Parfois, cela va encore plus loin. Lors de son premier séjour au Liban, où elle accompagnait Respiro d'Emanuele Crialese, Anne-Dominique Toussaint a croisé la route d'une jeune Libanaise qui ne pouvait pas concevoir sa vie sans faire de cinéma. "Elle m'a fait un effet très fort", se souvient-elle. "Touchée, je lui ai demandé ce qu'elle voulait raconter et elle m'a dit : "je veux parler des femmes de mon pays.""
"C'est comme en amour : il y a des hommes, peut-être que ce serait formidable de les avoir rencontrés, mais je ne les ai pas rencontrés, et ce n'est pas très grave non plus"
La productrice lui propose alors de lui envoyer son projet. "Elle m'avait tellement marquée que quand je suis rentrée, comme au bout de quinze jours, trois semaines, elle ne m'avait toujours rien envoyé, c'est moi qui l'ai relancée ! Je n'ai jamais refait ça de ma vie après, parce que j'en rencontre quand même beaucoup des gens qui veulent faire du cinéma, qui me proposent des choses..." La jeune Libanaise, c'était Nadine Labaki avec qui elle tournera Caramel et Et maintenant on va où. Deux très beaux succès public et critiques.

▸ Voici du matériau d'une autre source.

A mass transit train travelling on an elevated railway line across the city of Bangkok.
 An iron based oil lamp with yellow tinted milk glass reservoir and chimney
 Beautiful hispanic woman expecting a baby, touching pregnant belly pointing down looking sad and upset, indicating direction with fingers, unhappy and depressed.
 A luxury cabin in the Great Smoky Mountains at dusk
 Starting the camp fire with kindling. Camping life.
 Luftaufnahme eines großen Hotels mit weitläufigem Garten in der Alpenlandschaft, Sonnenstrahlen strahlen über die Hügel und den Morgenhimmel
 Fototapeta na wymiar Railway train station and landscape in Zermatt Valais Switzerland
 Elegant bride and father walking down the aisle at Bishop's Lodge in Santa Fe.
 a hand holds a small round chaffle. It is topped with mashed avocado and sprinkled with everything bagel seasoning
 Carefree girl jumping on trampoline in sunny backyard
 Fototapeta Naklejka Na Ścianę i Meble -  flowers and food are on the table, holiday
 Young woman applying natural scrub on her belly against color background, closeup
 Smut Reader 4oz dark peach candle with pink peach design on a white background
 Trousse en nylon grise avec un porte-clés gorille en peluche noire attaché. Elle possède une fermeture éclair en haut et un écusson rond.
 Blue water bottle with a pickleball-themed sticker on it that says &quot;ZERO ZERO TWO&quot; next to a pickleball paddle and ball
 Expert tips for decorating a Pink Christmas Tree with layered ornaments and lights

Le moins qu'on puisse dire, c'est qu'Anne-Dominique Toussaint a un 6e sens pour découvrir et soutenir des talents en devenir. Peut-être parce que la production n'est pas qu'une question de gros sous, de copinage et de jeux de pouvoir. Bien sûr, il faut un certain réalisme, et l'art de garder la tête froide pour ne s'enthousiasmer que sur des projets susceptibles de rencontrer leur public. Mais il faut surtout une sensibilité artistique presque divinatoire, pour débusquer, dans l'esprit de ses interlocuteurs, les bons films en gestation.
Et tant pis si la perle rare reste à l'état de scénario qu'Anne-Dominique Toussaint n'a pas le temps de lire : "Je n'ai pas de culpabilité par rapport à ça, je ne peux pas tout lire. C'est très impliquant de lire un scénario. C'est essayer de comprendre le film, de voir le film. Après, quand on a lu, la personne attend un retour... Donc c'est une vraie énergie intellectuelle. Je fais les choses à mon rythme, donc tous les scénarios que je choisis, je suis heureuse de les faire et de les choisir. Il y a des choses, je vais passer à côté, mais forcément ! C'est comme en amour : il y a des hommes, peut-être que ce serait formidable de les avoir rencontrés, mais je ne les ai pas rencontrés, et ce n'est pas très grave non plus. Je me suis auto-conditionnée pour n'avoir aucune culpabilité par rapport à ça, ni regret. J'assume."
Une posture qui, jusque-là, lui a plutôt bien réussi.